#### [ASSIGNMENT]
Look below for the line with "VW Sharan 114.057"; begin the copy there and stop after the line with "Nike girls pink sandals", keeping the text exact and the pictures out.

#### [DATA TO PROCESS]
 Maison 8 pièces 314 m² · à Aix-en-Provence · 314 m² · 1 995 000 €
...
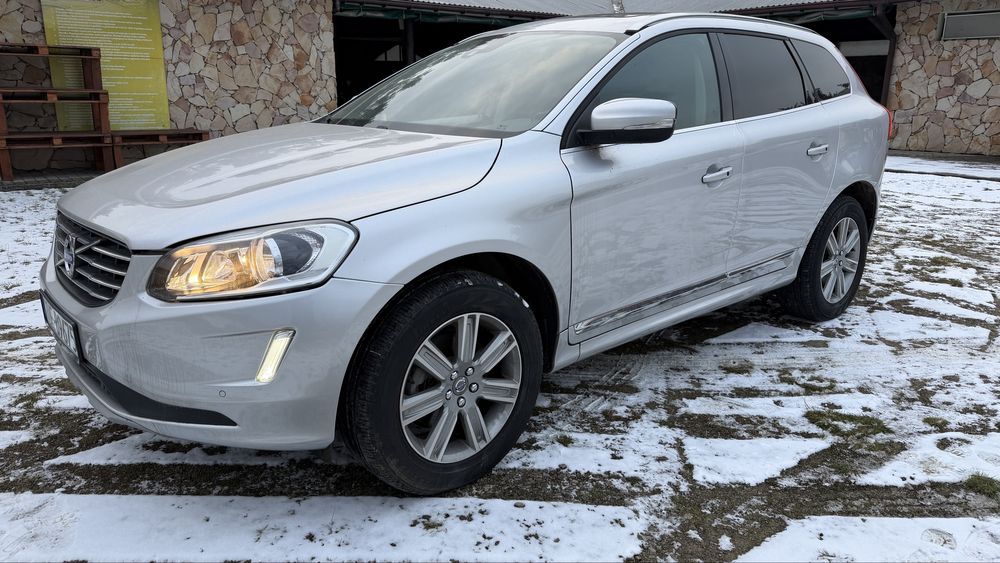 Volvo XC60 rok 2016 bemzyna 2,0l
--
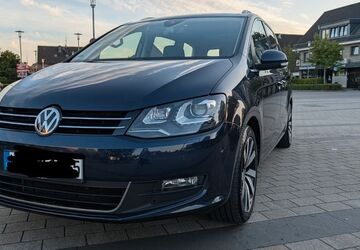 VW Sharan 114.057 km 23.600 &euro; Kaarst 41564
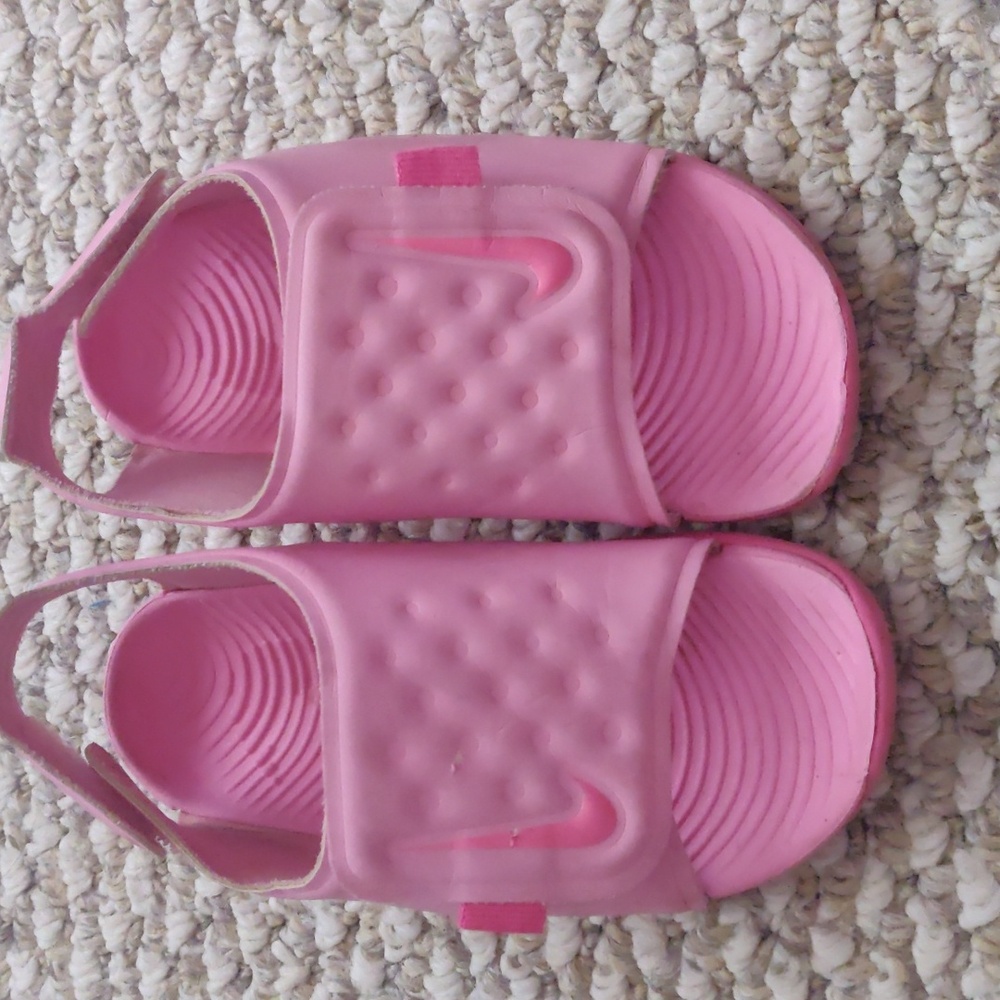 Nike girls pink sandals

#### [EXERCISE OUTPUT]
 VW Sharan 114.057 km 23.600 &euro; Kaarst 41564
 Nike girls pink sandals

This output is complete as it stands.